ロシアでのISS長期滞在訓練
国際宇宙ステーション(ISS)の第28次/第29次長期滞在クルーである古川宇宙飛行士は、ロシアのガガーリン宇宙飛行士訓練センター(Gagarin Cosmonaut Training Center: GCTC)にて、ソユーズ宇宙船とISSのロシアモジュールに関わる訓練を行いました。
古川宇宙飛行士は、ISSへの接近時や地上への帰還時に、ソユーズ宇宙船を手動で操縦する方法をシミュレータを使用して確認しました。そのほか、ISSのロシアモジュールで火災や急減圧などの緊急事態が起きた際の対応手順や、緊急時にソユーズ宇宙船で脱出する手順について訓練を行いました。また、新型のソユーズ宇宙船の姿勢制御システムと帰還制御システムについても訓練を行いました。
第32次/第33次長期滞在クルーの星出宇宙飛行士は、ロシアでの訓練およびISS長期滞在中にロシア語で円滑にコミュニケーションが取れるよう、ロシア語能力の向上を目的とし、モスクワで没入型ロシア語訓練を行いました。
宇宙飛行士候補者訓練
油井、大西、金井宇宙飛行士候補者は、NASAジョンソン宇宙センター(JSC)を中心に米国での宇宙飛行士候補者訓練を継続しています。
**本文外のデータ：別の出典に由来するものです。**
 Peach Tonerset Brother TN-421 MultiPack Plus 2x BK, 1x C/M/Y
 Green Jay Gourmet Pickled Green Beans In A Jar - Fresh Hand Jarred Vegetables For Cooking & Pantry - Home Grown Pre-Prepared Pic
3人は、各々のスケジュールに沿って国際宇宙ステーション(ISS)のシステムと、船外活動に重点を置き訓練を実施しました。
油井宇宙飛行士候補者は、ISSの熱制御システムの構成や生命維持システムのメンテナンス方法について学んだほか、これまでの訓練で得た姿勢制御システムの知識を確認するための試験を行いました。そのほかに、ISSのシステムに異常が発生した際の対応手順や、緊急事態発生時の対処方法の基本的な考え方を学びました。また、宇宙ステーション補給機(H-II Transfer Vehicle: HTV)などの補給機がISSにドッキングする際にISS長期滞在クルーが行う作業について講義を受けたほか、シミュレーションによる実習を行いました。船外活動に関わる訓練では、無重量環境訓練施設(Neutral Buoyancy Laboratory: NBL)のプールを使用した船外活動訓練のほか、「クエスト」(エアロック)のモックアップ(実物大の訓練施設)を使用してキャンプアウトの手順を確認しました。
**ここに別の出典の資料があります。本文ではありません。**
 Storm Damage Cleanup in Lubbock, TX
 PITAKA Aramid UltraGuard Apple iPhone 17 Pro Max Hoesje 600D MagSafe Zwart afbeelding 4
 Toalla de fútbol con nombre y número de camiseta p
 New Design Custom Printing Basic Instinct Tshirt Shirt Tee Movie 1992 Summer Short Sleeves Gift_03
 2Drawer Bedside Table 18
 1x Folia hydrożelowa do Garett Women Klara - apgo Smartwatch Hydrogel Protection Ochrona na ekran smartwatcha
NBLで船外活動訓練を行う大西宇宙飛行士候補者(出典:JAXA/NASA)
大西宇宙飛行士候補者は、船外活動に関わる訓練を中心に行い、訓練用の船外活動ユニット(Extravehicular Mobility Unit: EMU)を着用して初めてNBLのプールで船外活動訓練を行ったほか、EMUの生命維持システムとセルフレスキュー用推進装置(Simplified Aid For EVA Rescue: SAFER)の概要や使い方、エアロックの概要や機器の使用方法について学びました。
金井宇宙飛行士候補者は、ISSのモックアップを使用して、ISS船内でのケーブル接続方法など、電力システムに関わる訓練を行ったほか、ISSの生活設備について学びました。そのほかに、太陽電池パドル回転機構(Solar Alpha Rotary Joint: SARJ)の操作方法や熱制御システムの概要について講義を受けました。また、地球観測の基礎を学ぶ目的で、ニューメキシコ州で行われた地質学の実地研修に参加しました。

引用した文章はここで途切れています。